While this is logical enough for Drama or Comedy—beyond trying to figure out where to talk about The Bear, which let’s not open that Pandora's box—you noted when you created your reality category that it wasn’t an area you had a lot of experience in lately. And it was only at the prompting of Friend of Our Newsletters Sarah D. Bunting that you added an additional Procedurals category.

It struck me as an opportunity to reflect on the narrowing of critical purviews in the Peak TV era. You commented back in 2022 on the decline in the volume of episodic reviews/recaps in recent years, but there’s also been a clear consolidation in terms of genre. Back in 2010, in the final year of your time blogging as an extension of your work at the Star-Ledger, you were dropping in on Survivor and American Idol on a regular basis, and Burn Notice was probably the closest thing to a procedural you were recapping at the time. And while your newsletter—before it became your primary home—gave you some outlets to write about shows like Poker Face, and opportunities to reflect on the shows you were watching beyond the reviews you were writing, the vast majority of shows you’ve covered weekly have been serialized dramas.

As noted, our conversation about procedurals can be found in your newsletter, but given that we’re covering Reality TV more regularly here at Episodic Medium—including both Survivor and The Traitors—I thought it would be the best place to get you to reflect on what happened to sever you from the genre over the past 15 years.

Alan Sepinwall: [extremely fake BoJack Horseman closing theme singer voice] Back in the 2000s, I wrote about a lot of reality shows… 

Sorry, started writing that sentence and couldn’t get the song out of my head. Anyway, in the Blogspot version of What’s Alan Watching?, I wrote weekly about Survivor and American Idol for many seasons, and periodically checked in on Top Chef, The Amazing Race, and a few other OG reality competition shows. I was doing it in part because I liked those shows, in part because they were huge in the zeitgeist, and in part because there simply wasn’t as much overall TV, so I had the time to talk about Gary Hogeboom pretending to be a landscaper on Survivor and other unscripted errata. 

When I moved to HitFix in 2010, Dan Fienberg already had the reality space taken care of. So my writing focus turned almost entirely to scripted TV. And once that became all that I was writing about, it became all I was watching, especially as we entered the Peak TV period where even someone who only wrote about scripted TV couldn’t hope to keep up with all of it. I have no beef with Survivor—I’m impressed that Dan and so many of my other TV critic pals still find it so engaging after all these years—and the others, but I also don’t particularly miss covering them. And even in the Blogspot period, I got a sense that most of the people reading me preferred my take on dramas and comedies to me analyzing the beatboxing of Blake Lewis on American Idol Season Five. 

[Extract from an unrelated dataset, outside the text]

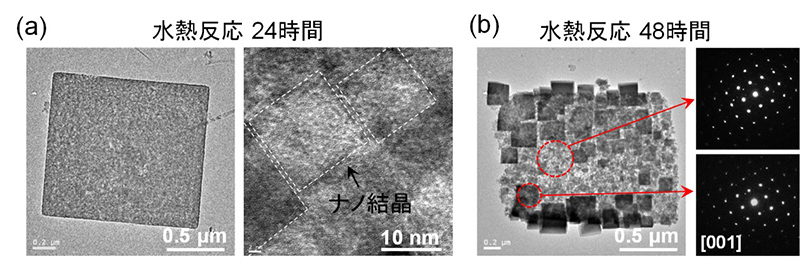 図　水熱反応で得たチタン酸ストロンチウムのメソ結晶を透過型電子顕微鏡で撮影した像。24時間反応させたものは、規則正しく結晶が並んでいるが、48時間反応させたものは、表面近くに大きさが不均一なナノ粒子ができている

Myles, you keep up with reality TV in a way I don’t. What do you find is the overlap between people who love The Traitors and people who love Andor or The Diplomat?

MM: First of all, Alan Sepinwall analyzing Blake Lewis beatboxing was load-bearing culture writing, as far as I’m concerned.

So part of why I wanted to discuss this is that I know I’m fighting against the tide a bit on this one. When I founded Episodic Medium as a solo project, I started writing about Survivor because it was starting a new season just as the newsletter was getting going, and it seemed like a more low-stakes way to expand coverage than taking on another in-depth drama in addition to the first season of Severance. It was a value-add for people who wanted to support my work, plus a draw for those still watching the series.

Once I started adding more contributors and expanding coverage, the way I had the newsletter set up on Substack allowed users to unsubscribe from different shows. As a result, I literally saw the lack of overlap as over 250 long-term subscribers took action to avoid even getting emails about Survivor. I also had someone unsubscribe from the newsletter offended we were covering Survivor and not covering *Insert Prestige Drama*. (It might have been The Diplomat, even, although we skip most Netflix shows for binge reasons).

Your experience is obviously somewhat distinct: we could ask, for example, whether you would have stuck with some of the reality shows if Dan wasn’t covering the beat. But I do think that the combination of Peak TV’s explosion of scripted content (even on channels that were built on the backbone of reality content) and the death of the monocultural reality show have really combined to sever the perceived audiences for this programming. This isn’t to say there isn’t an audience for coverage of shows like RuPaul’s Drag Race or Project Runway (which just finished airing a woefully produced season on Freeform/Hulu), but rather that it’s a more divergent audience from the scripted shows than it was a decade ago.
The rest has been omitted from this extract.